This week the Tories will face the first of two elections next month, in what could be a disastrous set of polls for Britain’s current governing party. Local council elections will take place on Thursday with the Tories expected to lose up to a fifth of their councillors. Later in the month, Mr Farage looks set to win the EU Parliament election as over a 50 percent share of Tory voters intend to back his newly formed party.
The Tories predicted losses could be because almost a third of party voters feel the Conservatives have failed to establish themselves as a pro-Brexit party.
Just 29 percent of those who voted for Theresa May’s party in 2017 see the Tories as being pro-Brexit, with 31 percent seeing them as anti-Brexit, according to polling from YouGov of 1,730 people conducted from April 24-25.
A separate poll, also conducted by YouGov, found that half of Tory voters in the 2017 general election intent to vote for Mr Farage’s Brexit Party in the EU elections.
The poll surveyed 5,412 people from April 23-26 and surveyed their European Parliament voting intention.
It showed that just 27 percent of Tory voters intend to vote for the Conservatives in the European poll, with Mr Farage predicted to take a huge 53 percent of the Tory vote.
Jeremy Corbyn’s Labour Party are not set to have such damaging losses, with the poll revealing Labour are set to hold on to just over half of their 2017 support.
Some 52 percent of 2017 Labour voters said they would back the party in the upcoming EU vote.

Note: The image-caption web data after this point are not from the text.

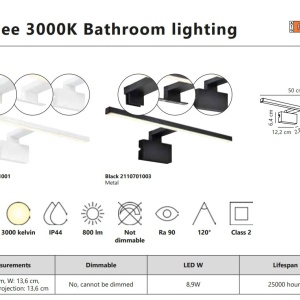 Aplica de perete LED pentru baie IP44 Marlee negru 3000K 221100 universul-luminii.ro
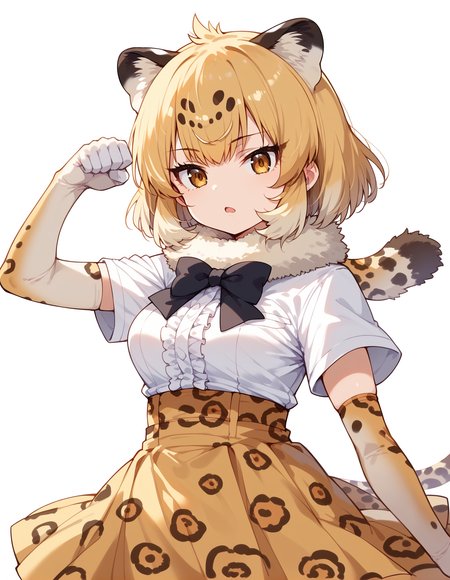 1girl, solo,
jaguar (kemono friends), animal ears, jaguar ears, blonde hair, short hair, bangs, jaguar print, multicolored hair, tail, jaguar tail,  white shirt, frills, skirt, high-waist skirt, print skirt, fur collar, center frills, gloves, elbow gloves, print gloves, short sleeves, black bowtie, thighhighs, animal print,
arm up, hand up, raised fist, clenched hand, arm down, open mouth, expressionless,
<lora:Jaguar_r1:1>, score_9, score_8_up, score_7_up, score_6_up, score_5_up, source_anime,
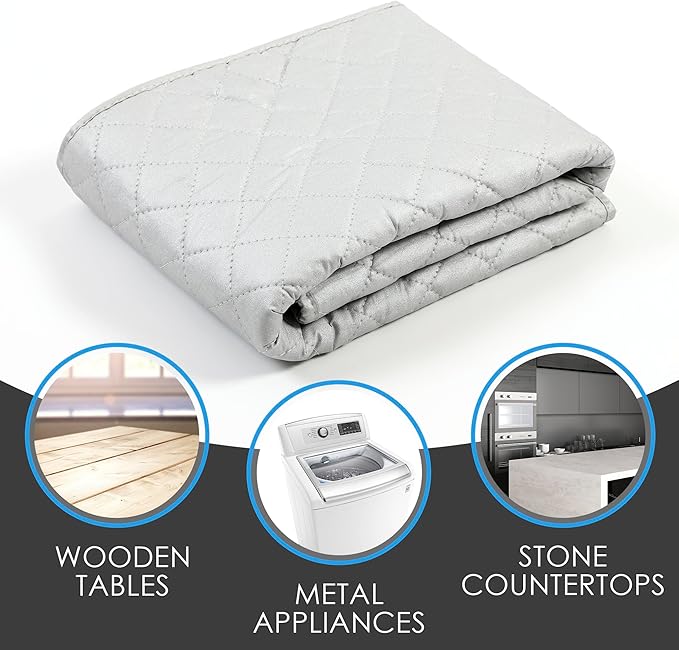 Houseables Ironing Mat, Ironing Pad, Iron Mat, Iron Pad, Dryer Top Protector, Magnetic, Portable, Blanket Cover for Table Top, Countertop, Washer, Travel Board, Quilting, Cloth, Wide, Thick, 36 x 30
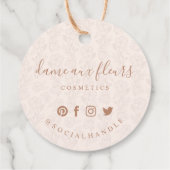 Elegantes Blütenschwarzes Logo Geschenkanhänger (Rückseite)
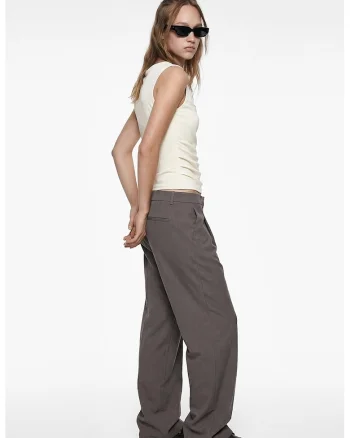 Top slim fit cu drapaje, Alb fildes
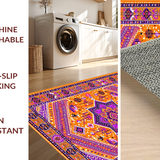 Ultra Soft Area Rug, Non Slip, Stain Resistant, Washable Area Rugs for Living Room, Bedroom, Exotic Tiled Color Splash(Orange)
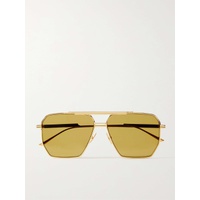 보테가 베네타 BOTTEGA VENETA EYEWEAR Aviator-style gold-tone sunglasses 790770499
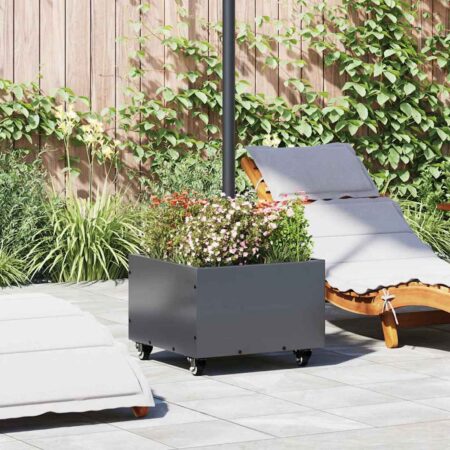 vidaXL Parasolbase med plantekasse Antracit 45 x 45 x 45 cm Stål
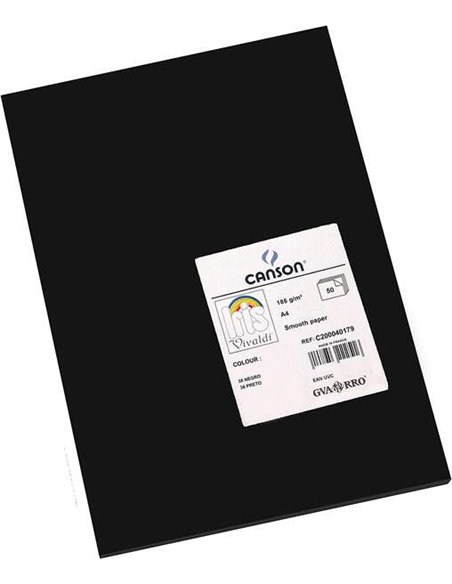 Paquet de 50 feuilles Canson Guarro Iris A4, 185 g - 21 x 29,7 cm - Noir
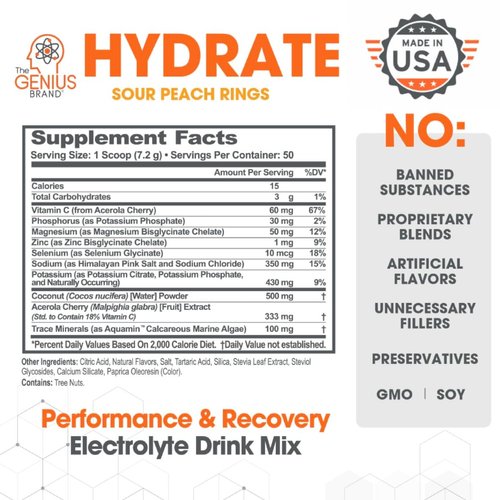 Genius Hydrate Powder Drink Mix Sour Peach Rings 50 Servings Natural Electrolyte Hydration Booster Endurance Supplement with Coconut Water Potassium Magnesium Zinc Sugar Free No Artificial Sweeteners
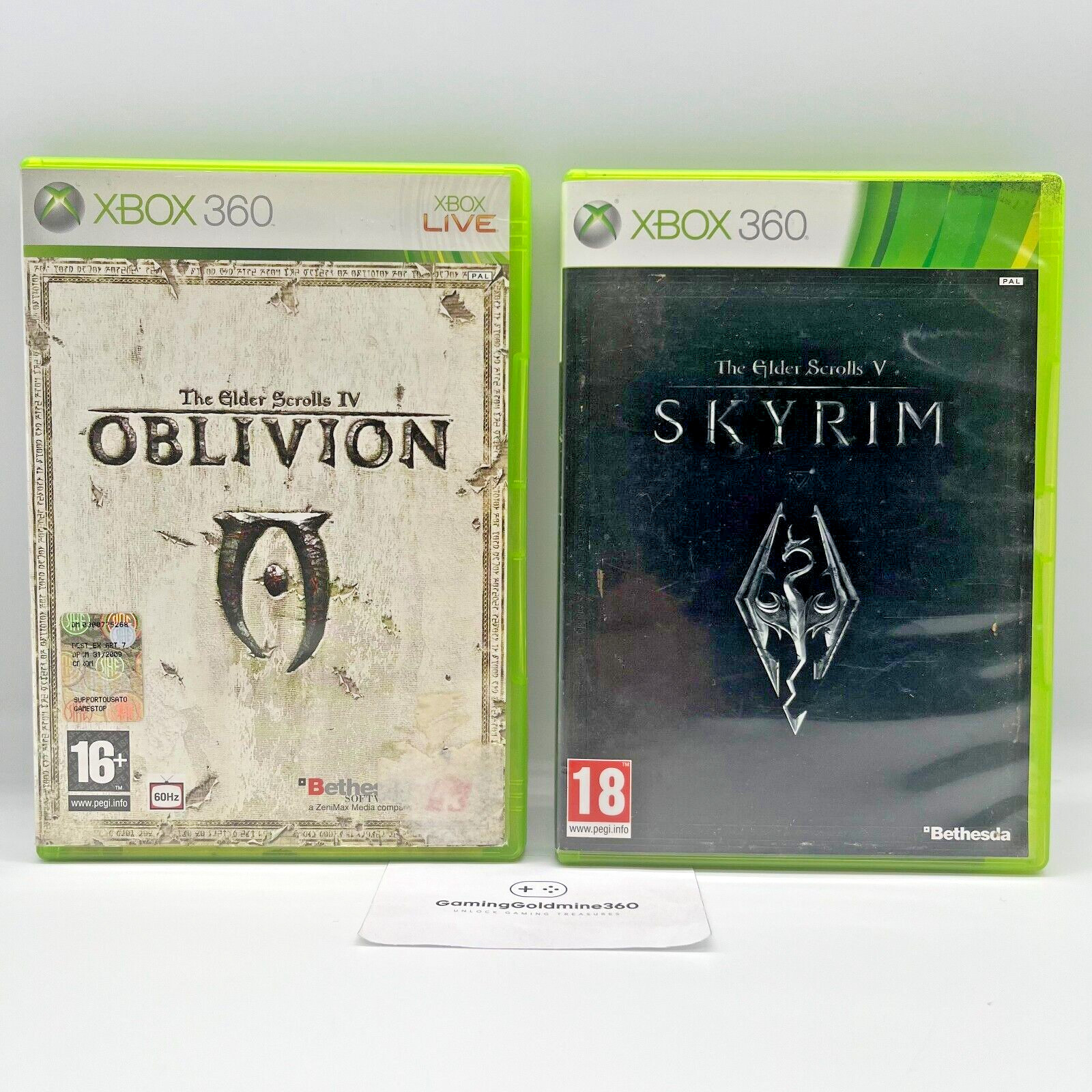 The Elder Scrolls IV OBLIVION + V SKYRIM Xbox 360 Italiano Completi Manuale Mapp
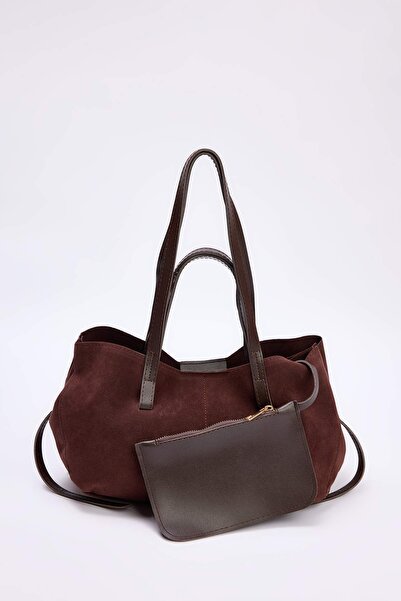 TRENDYOL SHOES Dunkelbraune Wildledertasche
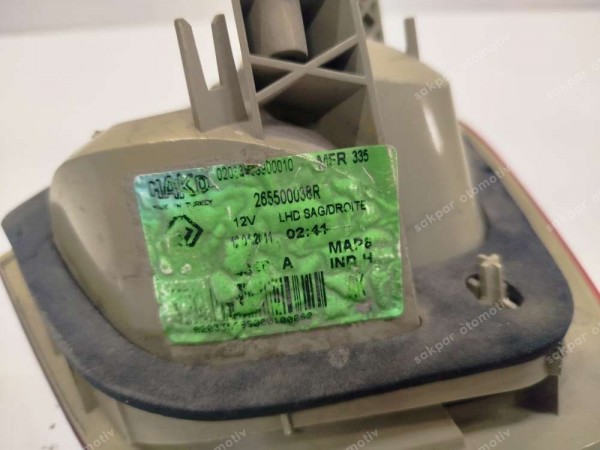Renault Fluence Sol Arka İç Stop Lambası 265500038R CP (FD110)
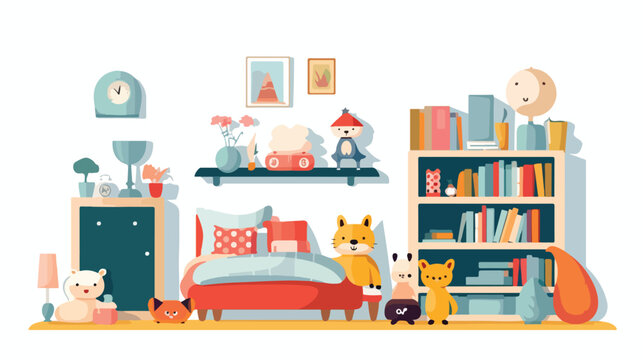 Playful childrens bedroom with toys and books. flat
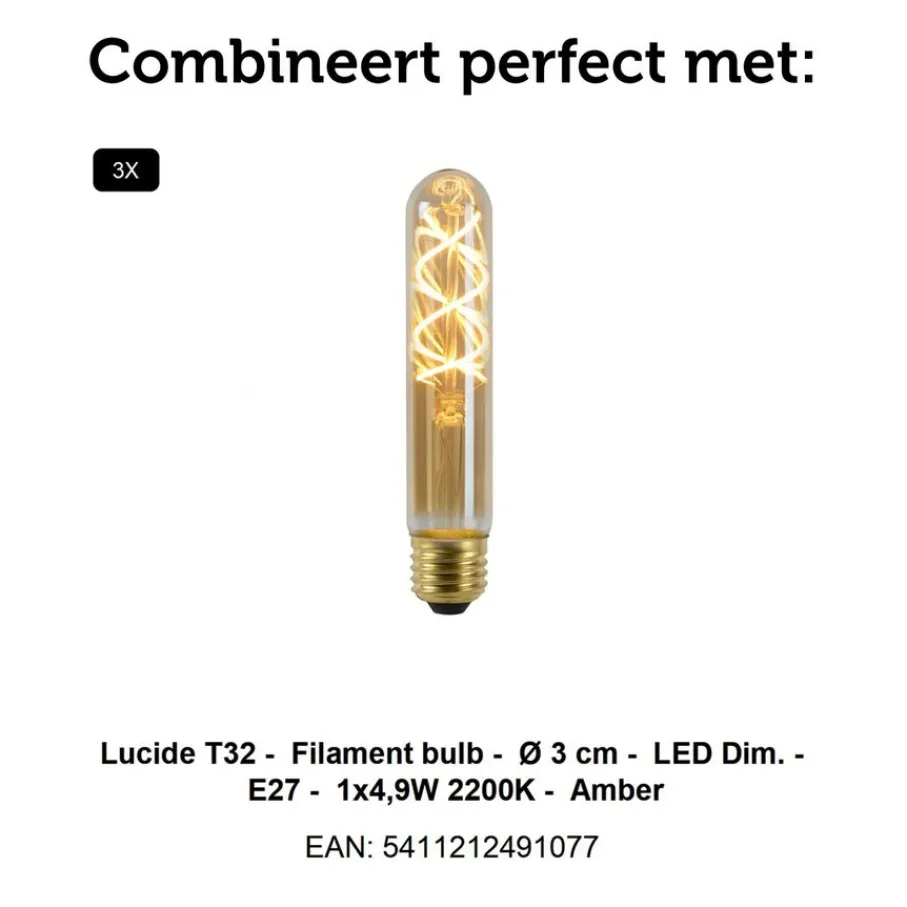 Hanglampen<Lucide Hanglamp Corina Zwart - 3 x E27 - 90 cm breed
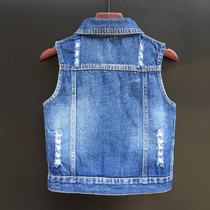 Childrens clothing boy denim vest spring clothing Korean childrens shoulder horse clip middle child denim coat Spring and Autumn Tide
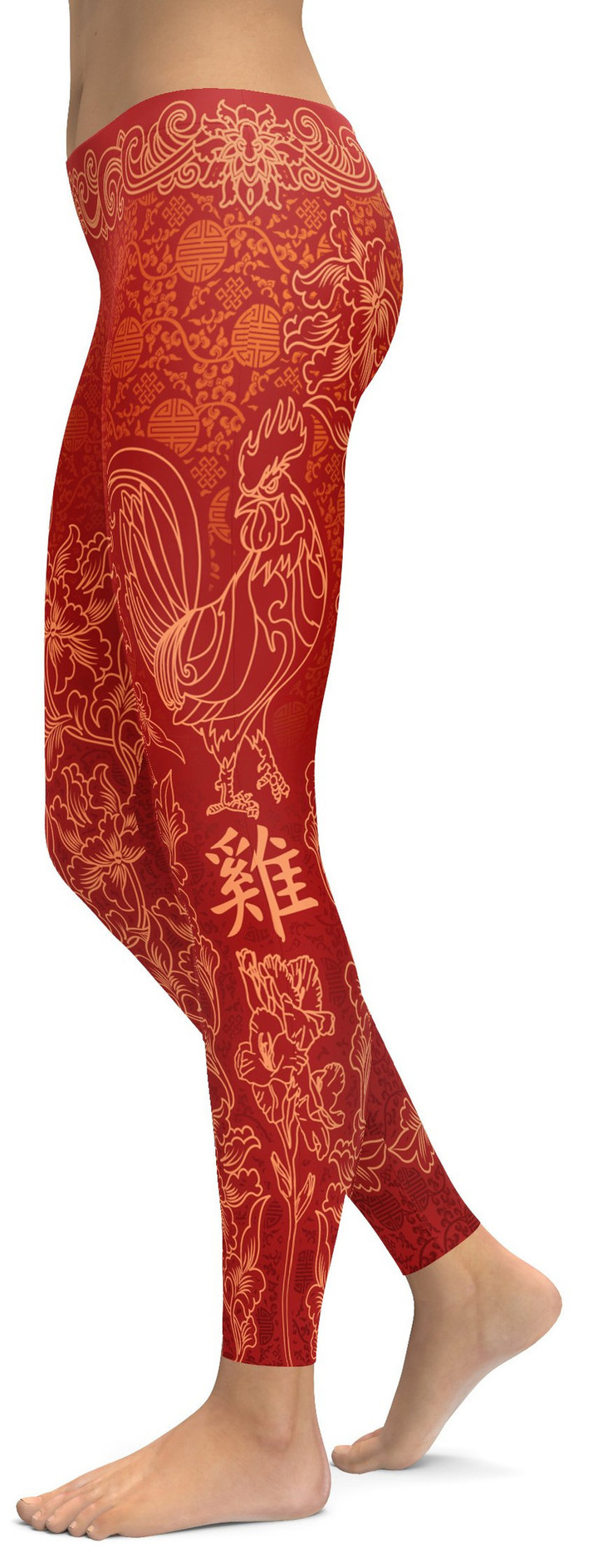 Chinese Zodiac Rooster High-Waisted Leggings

Mr Corbyn may not be too disheartened however, as his party still holds on to second place position with a 22 percent share, trailing the Brexit Party by six points, who are in top at 28 percent.
The Conservatives come in third with 13 percent.
Remainers Change UK are tied with the Green Party on 10 points, followed by the Lib Dems and Ukip who are on seven and five percent respectively.
In this Thursday’s local elections, which Nigel Farage’s party are not standing in, Theresa May’s Tories are predicted to win only 24 percent of the vote, 12 points behind Labour.
This would mean the Conservatives would lose more than 500 councillors.